Could you find every line in the entries below that holds the word "Used" and copy it?

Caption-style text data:
===

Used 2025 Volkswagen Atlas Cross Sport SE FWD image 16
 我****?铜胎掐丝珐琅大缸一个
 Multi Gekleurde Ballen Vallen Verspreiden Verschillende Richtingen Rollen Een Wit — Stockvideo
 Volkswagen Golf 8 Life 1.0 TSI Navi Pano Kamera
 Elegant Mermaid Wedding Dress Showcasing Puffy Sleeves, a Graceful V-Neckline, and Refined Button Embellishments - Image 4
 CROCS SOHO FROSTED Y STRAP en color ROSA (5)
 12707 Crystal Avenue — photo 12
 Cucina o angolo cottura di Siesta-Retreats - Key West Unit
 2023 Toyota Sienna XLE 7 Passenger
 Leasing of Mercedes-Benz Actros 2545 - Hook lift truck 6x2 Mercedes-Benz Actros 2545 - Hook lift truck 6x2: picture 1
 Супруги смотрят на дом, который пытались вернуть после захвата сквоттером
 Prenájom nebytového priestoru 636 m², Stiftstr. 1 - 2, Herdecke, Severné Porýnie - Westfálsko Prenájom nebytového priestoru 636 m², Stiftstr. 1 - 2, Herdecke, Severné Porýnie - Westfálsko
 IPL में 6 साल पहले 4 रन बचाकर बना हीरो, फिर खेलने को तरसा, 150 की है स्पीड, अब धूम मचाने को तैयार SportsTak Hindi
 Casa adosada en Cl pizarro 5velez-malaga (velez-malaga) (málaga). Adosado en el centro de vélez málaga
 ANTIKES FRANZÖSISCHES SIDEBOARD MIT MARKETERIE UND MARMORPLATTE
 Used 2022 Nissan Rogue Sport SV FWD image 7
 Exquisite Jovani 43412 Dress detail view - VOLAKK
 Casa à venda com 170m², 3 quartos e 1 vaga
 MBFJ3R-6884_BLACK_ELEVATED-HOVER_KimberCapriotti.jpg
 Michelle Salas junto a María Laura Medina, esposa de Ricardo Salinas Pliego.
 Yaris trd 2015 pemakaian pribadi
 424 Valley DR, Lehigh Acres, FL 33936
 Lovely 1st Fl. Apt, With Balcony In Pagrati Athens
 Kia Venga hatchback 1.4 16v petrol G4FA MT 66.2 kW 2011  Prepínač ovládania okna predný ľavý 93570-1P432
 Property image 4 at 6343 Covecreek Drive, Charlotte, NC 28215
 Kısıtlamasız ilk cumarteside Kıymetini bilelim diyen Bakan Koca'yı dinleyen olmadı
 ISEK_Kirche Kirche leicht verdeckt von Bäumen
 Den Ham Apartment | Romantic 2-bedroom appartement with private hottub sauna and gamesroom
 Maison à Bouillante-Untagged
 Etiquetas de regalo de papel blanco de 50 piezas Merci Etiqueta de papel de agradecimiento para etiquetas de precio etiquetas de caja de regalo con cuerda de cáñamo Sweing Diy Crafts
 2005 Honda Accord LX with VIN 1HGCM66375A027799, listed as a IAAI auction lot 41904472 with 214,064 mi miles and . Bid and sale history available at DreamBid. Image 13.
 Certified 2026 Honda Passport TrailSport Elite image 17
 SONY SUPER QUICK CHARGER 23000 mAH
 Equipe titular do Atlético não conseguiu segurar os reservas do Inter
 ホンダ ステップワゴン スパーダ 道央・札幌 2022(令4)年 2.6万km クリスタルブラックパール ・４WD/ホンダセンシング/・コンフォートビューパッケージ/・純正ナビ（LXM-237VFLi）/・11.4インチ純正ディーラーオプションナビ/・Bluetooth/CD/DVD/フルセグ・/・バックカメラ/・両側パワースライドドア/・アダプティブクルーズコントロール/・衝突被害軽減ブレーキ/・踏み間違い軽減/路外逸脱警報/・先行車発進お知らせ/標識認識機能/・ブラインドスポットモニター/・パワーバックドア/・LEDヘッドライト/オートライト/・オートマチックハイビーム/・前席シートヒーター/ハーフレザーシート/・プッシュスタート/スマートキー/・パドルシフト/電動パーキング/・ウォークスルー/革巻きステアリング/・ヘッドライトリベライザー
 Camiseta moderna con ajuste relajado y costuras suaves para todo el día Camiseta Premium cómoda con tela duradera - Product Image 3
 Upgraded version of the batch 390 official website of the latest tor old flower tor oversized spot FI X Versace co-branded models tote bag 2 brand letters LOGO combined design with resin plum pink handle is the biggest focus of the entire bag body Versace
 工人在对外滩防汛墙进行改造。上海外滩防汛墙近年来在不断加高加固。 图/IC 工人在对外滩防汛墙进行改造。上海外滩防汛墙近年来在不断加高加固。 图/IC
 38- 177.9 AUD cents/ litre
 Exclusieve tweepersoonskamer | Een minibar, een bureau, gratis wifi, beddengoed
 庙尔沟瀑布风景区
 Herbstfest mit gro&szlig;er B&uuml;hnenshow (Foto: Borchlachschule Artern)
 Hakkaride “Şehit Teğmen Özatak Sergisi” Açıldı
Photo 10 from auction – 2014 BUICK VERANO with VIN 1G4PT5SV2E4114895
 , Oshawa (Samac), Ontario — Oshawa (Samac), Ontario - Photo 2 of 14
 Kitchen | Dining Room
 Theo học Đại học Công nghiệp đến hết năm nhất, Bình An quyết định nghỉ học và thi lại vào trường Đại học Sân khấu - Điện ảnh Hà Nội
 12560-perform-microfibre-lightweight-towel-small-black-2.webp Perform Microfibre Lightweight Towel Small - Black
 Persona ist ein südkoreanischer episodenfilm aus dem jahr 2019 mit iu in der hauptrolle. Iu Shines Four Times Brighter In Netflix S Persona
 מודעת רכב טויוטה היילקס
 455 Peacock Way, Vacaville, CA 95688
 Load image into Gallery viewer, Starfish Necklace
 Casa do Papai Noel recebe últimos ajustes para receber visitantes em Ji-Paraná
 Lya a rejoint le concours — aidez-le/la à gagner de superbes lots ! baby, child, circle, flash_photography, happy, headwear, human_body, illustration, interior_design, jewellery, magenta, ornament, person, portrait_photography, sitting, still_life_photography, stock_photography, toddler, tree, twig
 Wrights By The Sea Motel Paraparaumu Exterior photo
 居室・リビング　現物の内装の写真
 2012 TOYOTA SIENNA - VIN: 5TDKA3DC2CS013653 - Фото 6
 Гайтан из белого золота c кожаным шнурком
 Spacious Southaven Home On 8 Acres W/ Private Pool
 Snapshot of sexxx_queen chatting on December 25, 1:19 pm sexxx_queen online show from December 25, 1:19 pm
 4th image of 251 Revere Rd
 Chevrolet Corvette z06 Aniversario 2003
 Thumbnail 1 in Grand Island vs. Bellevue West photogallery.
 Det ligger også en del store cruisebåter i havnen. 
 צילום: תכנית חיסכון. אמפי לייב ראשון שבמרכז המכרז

===

• [Exercise solution]:
Used 2025 Volkswagen Atlas Cross Sport SE FWD image 16
 Used 2022 Nissan Rogue Sport SV FWD image 7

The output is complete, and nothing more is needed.